(Short web captions)
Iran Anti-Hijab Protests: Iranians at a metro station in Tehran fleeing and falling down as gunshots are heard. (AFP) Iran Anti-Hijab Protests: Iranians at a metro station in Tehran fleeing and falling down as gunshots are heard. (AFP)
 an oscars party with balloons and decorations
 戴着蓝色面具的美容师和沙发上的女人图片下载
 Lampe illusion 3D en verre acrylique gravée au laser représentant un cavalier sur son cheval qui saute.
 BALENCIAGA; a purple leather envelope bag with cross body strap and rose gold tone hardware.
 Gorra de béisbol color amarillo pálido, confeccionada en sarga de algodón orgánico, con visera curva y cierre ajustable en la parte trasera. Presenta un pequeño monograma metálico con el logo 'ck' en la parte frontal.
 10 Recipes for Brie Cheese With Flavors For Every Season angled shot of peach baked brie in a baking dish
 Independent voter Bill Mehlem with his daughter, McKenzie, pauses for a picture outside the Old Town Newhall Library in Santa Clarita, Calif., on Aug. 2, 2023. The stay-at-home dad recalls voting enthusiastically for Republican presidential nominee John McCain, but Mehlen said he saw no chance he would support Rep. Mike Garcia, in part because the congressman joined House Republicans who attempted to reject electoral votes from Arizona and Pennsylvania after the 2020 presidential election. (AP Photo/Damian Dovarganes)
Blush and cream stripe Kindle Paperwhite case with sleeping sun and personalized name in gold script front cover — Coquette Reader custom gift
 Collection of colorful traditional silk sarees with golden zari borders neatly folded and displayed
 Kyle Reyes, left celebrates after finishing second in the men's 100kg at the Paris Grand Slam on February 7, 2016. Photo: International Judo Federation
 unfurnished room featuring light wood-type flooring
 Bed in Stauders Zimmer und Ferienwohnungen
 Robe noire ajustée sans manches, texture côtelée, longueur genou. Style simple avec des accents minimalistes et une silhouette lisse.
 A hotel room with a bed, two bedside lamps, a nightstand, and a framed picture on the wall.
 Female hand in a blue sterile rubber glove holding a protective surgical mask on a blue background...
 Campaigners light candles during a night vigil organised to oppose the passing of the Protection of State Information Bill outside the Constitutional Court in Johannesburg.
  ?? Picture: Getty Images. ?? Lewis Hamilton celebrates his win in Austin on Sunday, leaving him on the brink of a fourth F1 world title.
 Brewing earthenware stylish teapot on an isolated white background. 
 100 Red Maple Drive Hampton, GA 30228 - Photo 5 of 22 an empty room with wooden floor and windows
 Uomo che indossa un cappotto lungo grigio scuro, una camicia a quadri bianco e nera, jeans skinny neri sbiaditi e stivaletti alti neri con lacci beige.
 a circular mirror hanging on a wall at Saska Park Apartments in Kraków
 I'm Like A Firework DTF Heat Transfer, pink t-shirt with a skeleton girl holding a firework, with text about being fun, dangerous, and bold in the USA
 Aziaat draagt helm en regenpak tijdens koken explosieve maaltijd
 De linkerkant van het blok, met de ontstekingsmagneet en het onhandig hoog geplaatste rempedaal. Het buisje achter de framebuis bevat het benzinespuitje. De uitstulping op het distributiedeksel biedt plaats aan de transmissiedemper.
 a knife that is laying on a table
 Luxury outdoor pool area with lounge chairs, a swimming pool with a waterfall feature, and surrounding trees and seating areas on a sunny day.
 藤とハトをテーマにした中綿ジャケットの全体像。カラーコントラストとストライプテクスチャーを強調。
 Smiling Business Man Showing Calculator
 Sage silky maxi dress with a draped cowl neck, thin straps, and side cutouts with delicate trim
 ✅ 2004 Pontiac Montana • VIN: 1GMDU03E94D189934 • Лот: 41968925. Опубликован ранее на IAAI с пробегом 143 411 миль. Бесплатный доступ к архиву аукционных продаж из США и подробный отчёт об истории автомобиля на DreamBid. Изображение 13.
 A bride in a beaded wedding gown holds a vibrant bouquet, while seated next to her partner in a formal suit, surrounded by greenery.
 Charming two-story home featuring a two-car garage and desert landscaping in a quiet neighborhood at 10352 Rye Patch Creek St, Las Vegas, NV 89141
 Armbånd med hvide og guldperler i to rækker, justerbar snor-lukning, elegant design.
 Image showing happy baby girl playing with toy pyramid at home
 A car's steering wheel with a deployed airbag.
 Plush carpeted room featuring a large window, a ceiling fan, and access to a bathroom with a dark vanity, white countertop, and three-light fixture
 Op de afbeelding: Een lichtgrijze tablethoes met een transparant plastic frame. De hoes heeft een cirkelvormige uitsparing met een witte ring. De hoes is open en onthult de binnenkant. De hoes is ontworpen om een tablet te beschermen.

WORK ORDER:
Filtering the entries above by the word "holding", copy each line that matches.

YOUR RESPONSE:
 Female hand in a blue sterile rubber glove holding a protective surgical mask on a blue background...
 I'm Like A Firework DTF Heat Transfer, pink t-shirt with a skeleton girl holding a firework, with text about being fun, dangerous, and bold in the USA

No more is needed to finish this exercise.